### [Assignment]
Any picture must be dropped, but each line of the data should be duplicated exactly.

Stored items from a collection:
______
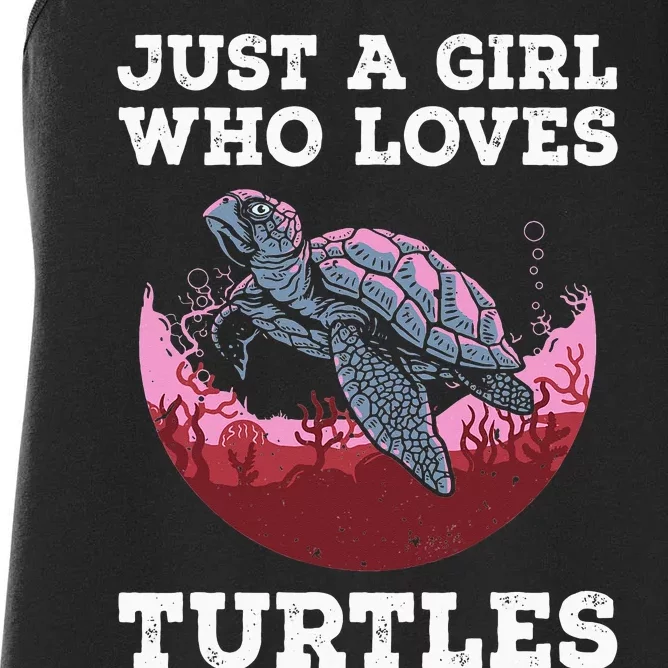 Funny Sea Turtle Design For  Turtle Lovers Women's Racerback Tank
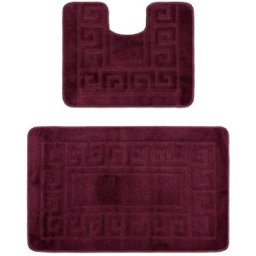 Set 2 Covorase pentru Baie, Visiniu, 50 x 80 cm, 40 x 50 cm, Antiderapante, Ethnic 2576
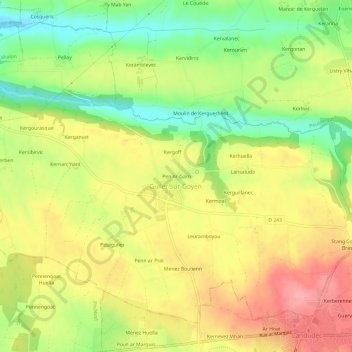 Mapa topográfico Pen Ar Garn, altitude, relevo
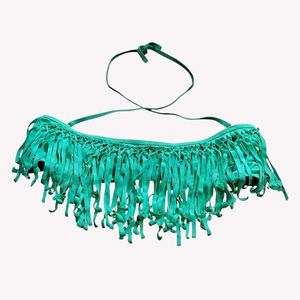 Teal Fringed Bikini Top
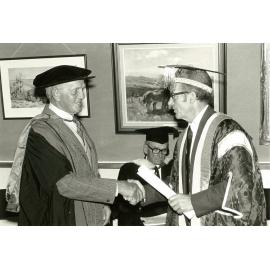 Dr. Yates next to Chancellor Sir Arthur Ward at the Massey University Jubilee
______
### [Solved problem]
 Funny Sea Turtle Design For  Turtle Lovers Women's Racerback Tank
 Set 2 Covorase pentru Baie, Visiniu, 50 x 80 cm, 40 x 50 cm, Antiderapante, Ethnic 2576
 Mapa topográfico Pen Ar Garn, altitude, relevo
 Teal Fringed Bikini Top
 Dr. Yates next to Chancellor Sir Arthur Ward at the Massey University Jubilee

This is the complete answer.